Canada has announced its intention to withdraw from the Kyoto treaty on greenhouse gas emissions, sandbagging the other signatories to the convention.
The Kyoto protocol, initially adopted in Kyoto, Japan in 1997, was designed to combat global warming with the agreement allowing countries like China and India take voluntary, but non binding steps to reduce their greenhouse gas carbon emissions.
International condemnation was swift.
China's Foreign Ministry spokesman Mr Liu Weimin said at a news briefing that "It is regrettable and flies in the face of the efforts of the international community for Canada to leave the Kyoto Protocol at a time when the Durban meeting, as everyone knows, made important progress by securing a second phase of commitment to the Protocol. We also hope that Canada will face up to its due responsibilities and duties, and continue abiding by its commitments, and take a positive, constructive attitude towards participating in international cooperation to respond to climate change."

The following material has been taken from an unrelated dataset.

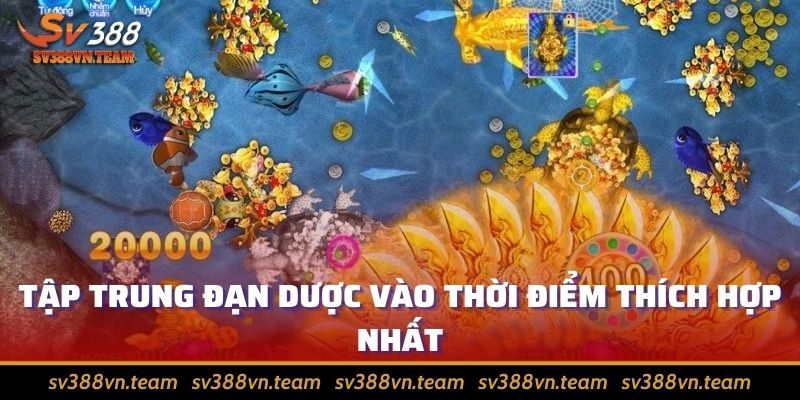 Bắn cá - Trở thành tay săn chuyên nghiệp chinh phục thưởng 2 Tập trung đạn dược vào thời điểm thích hợp nhất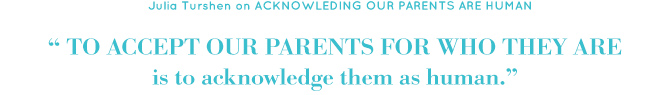 Acknowledging Our Parents Are Human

Xinhua, China's state news agency, labeled Ottawa's decision preposterous, an excuse to shirk responsibility and implored the Canadian government to reverse its decision so it could help reduce global emissions of GGEs.

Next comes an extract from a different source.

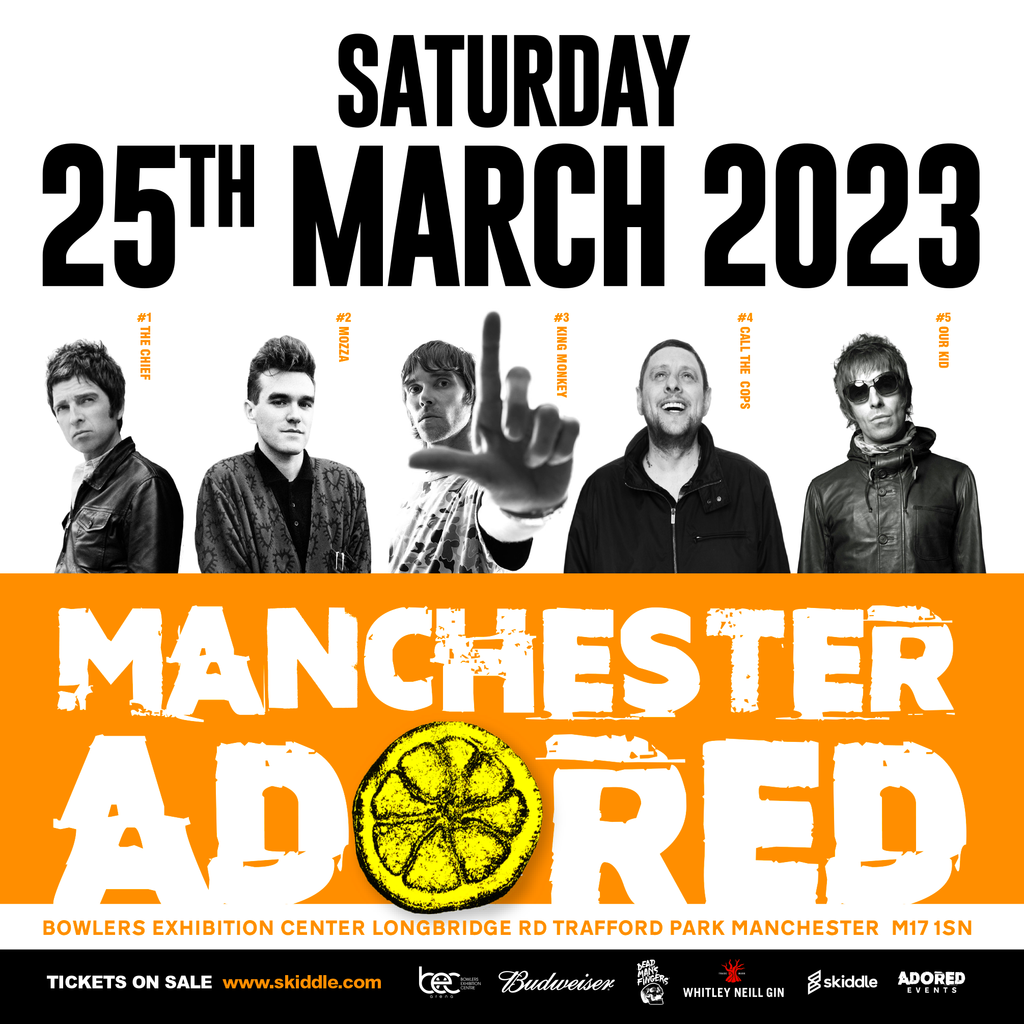 Manchester Adored Tickets Bowlers Exhibition Centre Manchester Sat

Beijing's comments are significant, not least because the PRC is currently the world's biggest producer of GGEs after the US, but China has stalwartly insisted that the Kyoto Protocol remain the foundation of the world's efforts to curb GGE emissions, which scientists maintain are a significant contributor to global warming. Pleading its special status as a developing nation China at the recently concluded climate change negotiations in Durban was granted an extension of the terms of implementing the Kyoto protocol until 2017 even as it bowed to pressure to launch later talks for a new pact to succeed the Kyoto protocol that would legally oblige all the big GGE producers to act.
Japan also expressed displeasure at the Canadian decision, but in a more nuanced approach, Japanese environment minister Mr Goshi Hosono urged Canada to continue to support the Kyoto agreement, which included important elements that could help fight climate change.
UN climate chief Ms Christiana Figueres opined in a statement released to the press that "I regret that Canada has announced it will withdraw and am surprised over its timing. Whether or not Canada is a party to the Kyoto Protocol, it has a legal obligation under the convention to reduce its emissions, and a moral obligation to itself and future generations to lead in the global effort."
A spokesman for France's Foreign Ministry called Canada's decision bad news for the fight against climate change.
The silence from Washington on the issue was significant, as the United States Bush administration refused to sign the protocol, arguing instead that China and other big emerging emitters should come under a legally binding framework that does away with the either or distinction between advanced and developing countries.